Jeep Jambo weekend here but they won't let me wheel with them......


----------



## BullyGal (Jun 25, 2012)

Jeeps can be snobby :/


----------



## Odin`s_BlueDragon (Mar 11, 2012)

They do one in our neck of the woods? And I looked into the jeep jambo out here on the Rubicon.... $300 per person! Yuk

Sent from Petguide.com Free App


----------



## hashbrown (Mar 17, 2013)

BullyGal said:


> Jeeps can be snobby :/


Specially when yours is bigger than most


----------



## hashbrown (Mar 17, 2013)

Odin`s_BlueDragon said:


> They do one in our neck of the woods? And I looked into the jeep jambo out here on the Rubicon.... $300 per person! Yuk
> 
> Sent from Petguide.com Free App


They don't want sure enough rock crawlers there for some reason. Nothing over 37" tires are allowed.


----------



## Odin`s_BlueDragon (Mar 11, 2012)

I had a keeper stick his nose up at me in my stock 4runner "good luck in that thing." As I passed by with my group in the snow.... I was the only rig in the group who didn't get stuck. Its more about driving skill than vehicle sometimes....

Sent from Petguide.com Free App


----------



## BullyGal (Jun 25, 2012)

I hate it when they call their Cherokees "XJs".

omfg... seriously on the registration Max tire of 37 and Max combined lift of 6"

I'm surprised they don't have a cylinder restriction too.


----------



## Odin`s_BlueDragon (Mar 11, 2012)

Its a guided thing too Kayla... they take u through the trials, stack rocks, set up camp, and cook dinner for ya too.... lol

Sent from Petguide.com Free App


----------



## hashbrown (Mar 17, 2013)

Could follow most of them in 2 wheel high. I get really tired of that type and their BS anyway. They are concerned about a scratch or a dent, If we haven't had my junk on it's side or top we haven't had a good day.


----------



## BullyGal (Jun 25, 2012)

Odin`s_BlueDragon said:


> Its a guided thing too Kayla... they take u through the trials, stack rocks, set up camp, and cook dinner for ya too.... lol
> 
> Sent from Petguide.com Free App


Ewwww... that's like camping on a concrete platform with a built firepit, grill and shower/bathroom facilities. That ain't no fun!



hashbrown said:


> Could follow most of them in 2 wheel high. I get really tired of that type and their BS anyway. They are concerned about a scratch or a dent, If we haven't had my junk on it's side or top we haven't had a good day.

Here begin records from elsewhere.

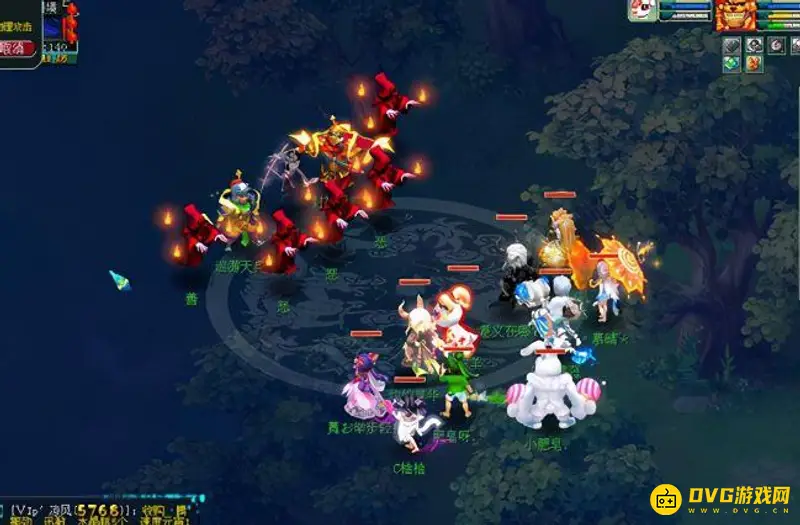 《梦幻西游》慈心渡鬼棋盘玩法详解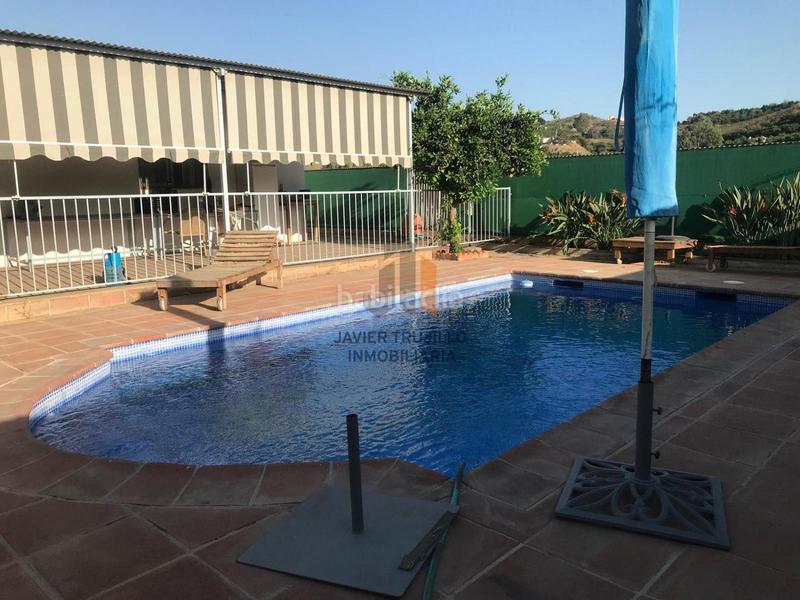 Foto 58a1bd0d-0e04-4cda-a825-0499ce67637a. Country house with parking pool in Norte - Barrio del Pilar - El Reñidero Vélez - Málaga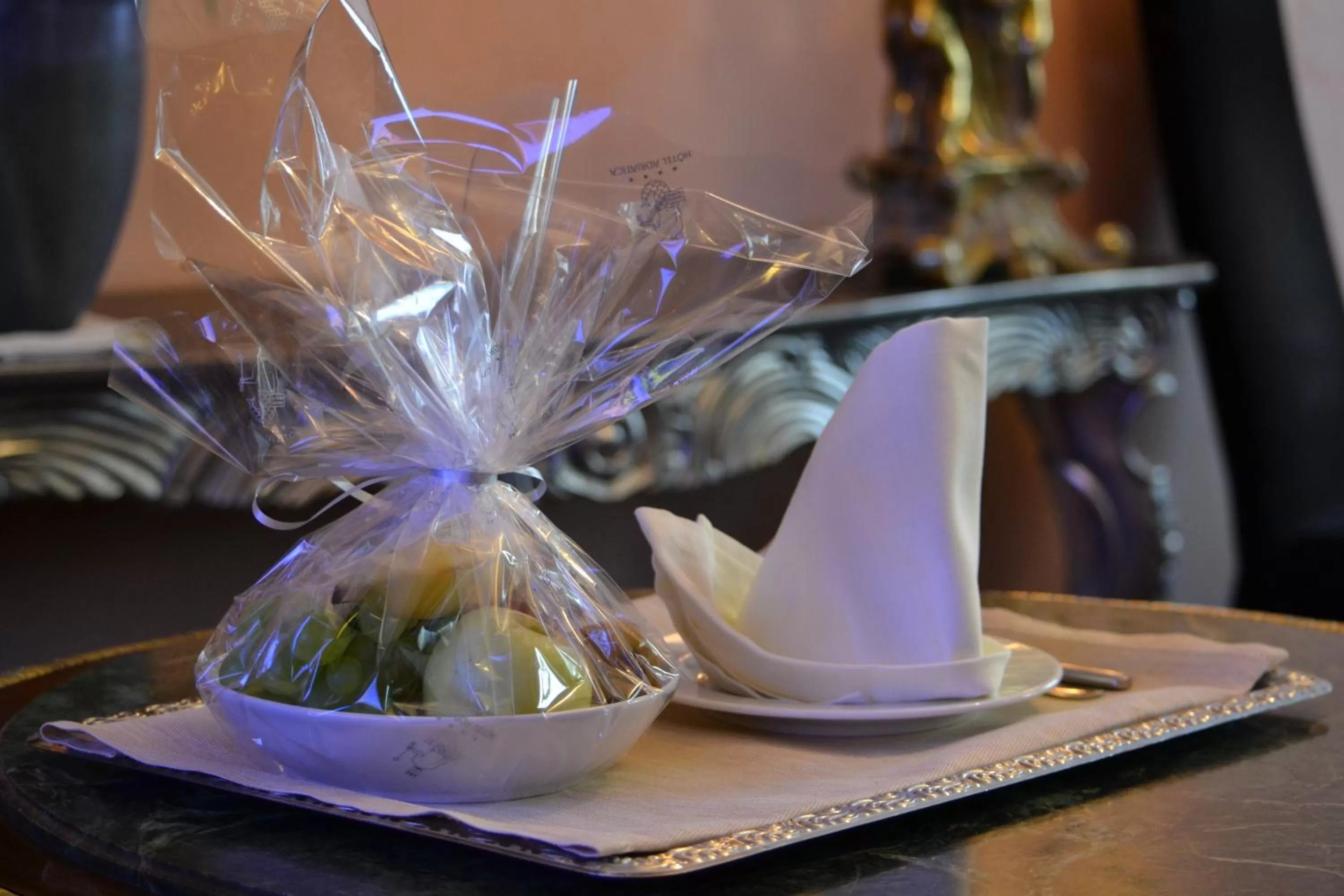 Bedroom in Hotel Adriatica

There's a reason my truck only has a 30 dollar paint job LOL Rattle can fixes everything!


----------



## Odin`s_BlueDragon (Mar 11, 2012)

Well honestly my 4runner is too nice for a dent lol. But my old truck was loving the body damage! Lol

Sent from Petguide.com Free App


----------



## hashbrown (Mar 17, 2013)

BullyGal said:


> Ewwww... that's like camping on a concrete platform with a built firepit, grill and shower/bathroom facilities. That ain't no fun!
> 
> There's a reason my truck only has a 30 dollar paint job LOL Rattle can fixes everything!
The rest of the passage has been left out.